This repo works with TensorFlow 2.3 and Keras 2.4. This repo builds on the very successful TrainYourOwnYOLO repo maintained by Anton Mu. His repo lets you train a custom image detector using the state-of-the-art YOLOv3 computer vision algorithm. For a short write up check out this medium post. This repo brings everything TrainYourOwnYOLO does, and on top, it allows you to detect objects in multiple streams, with multiple GPUs, and with multiple models, all at the same time, all in parallel in multiple independent Python processes.

The number of streams depends on the amount of memory available on the GPU and in your computer. A YOLO process demands around a gigabyte of GPU memory, therefore, 11 streams can ideally be squeezed into a Geforce 1080ti with 11 Gbytes (it will be a very tight fit.) This is achieved with a modified YOLO object. A more in-depth description is here.
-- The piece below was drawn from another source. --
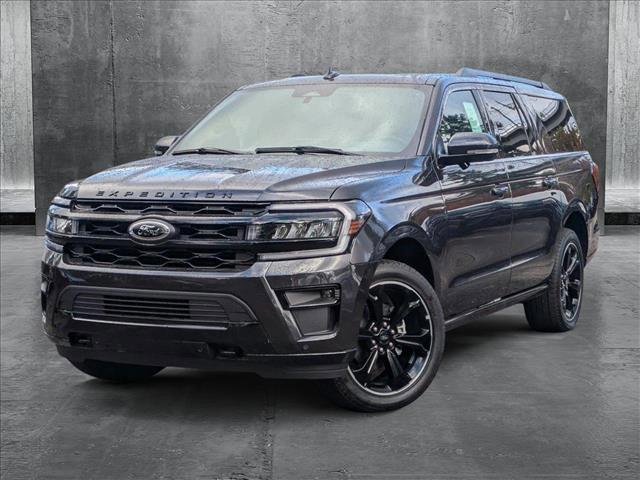 new 2024 Ford Expedition Max car, priced at $77,124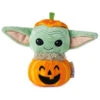 Hallmark Itty Bittys® Star Wars: The Mandalorian™ Grogu™ Jack-o'-Lantern Plush 1 Hallmark Itty Bittys® Star Wars: The Mandalorian™ Grogu™ Jack-o'-Lantern Plush -Hallmark Store Star Wars Mandalorian Grogu Pumpkin itty bittys Plush 1KHW1039 01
This repo comes with a very early version of MultiDetect.py, an application that makes use of the multi-stream, multi-GPU YOLO object. MultiDetect.py allows you to manage multiple streams and GPUs, to display the output on one or many monitors, and to automatically record video and attendant data files. A detailed description of MultiDetect.py is here.

Both the modified YOLO process and MultiDetect.py are written in pure Python 3.7. They integrate with TrainYourOwnYOLO, use the same models, workflows, file and directory structures. This version targets the Linux platform only. I have not yet tested it on Windows. I do not have access to a MacOS machine, please help. Let's work on it a bit, shake the bugs out, and then offer it as a merge.

4windows

You can create as many independent YOLO video streams as your GPU can stomach

Changes made to TrainYourOwnYOLO

Pipeline Overview

To build and test your YOLO object detection algorithm follow the below steps:

  1. Image Annotation
    • Install Microsoft's Visual Object Tagging Tool (VoTT)
    • Annotate images
  2. Training
    • Download pre-trained weights
    • Train your custom YOLO model on annotated images
  3. Inference
    • Detect objects in new images and videos
    • Detect objects in parallel in multiple streams and on multiple GPUs

Repo structure

  • 1_Image_Annotation: Scripts and instructions on annotating images
  • 2_Training: Scripts and instructions on training your YOLOv3 model
  • 3_Inference: Scripts and instructions on testing your trained YOLO model on new images and videos
  • Data: Input Data, Output Data, Model Weights and Results
  • Utils: Utility scripts used by main scripts

Getting Started

Requisites

This repo has been tested with python 3.7 and python 3.8. To install python 3.7 go to

  • python.org/downloads and follow the installation instructions. The modified YOLO object should work with python 3.6, MultiDetect.py uses features available only from python 3.7 on up.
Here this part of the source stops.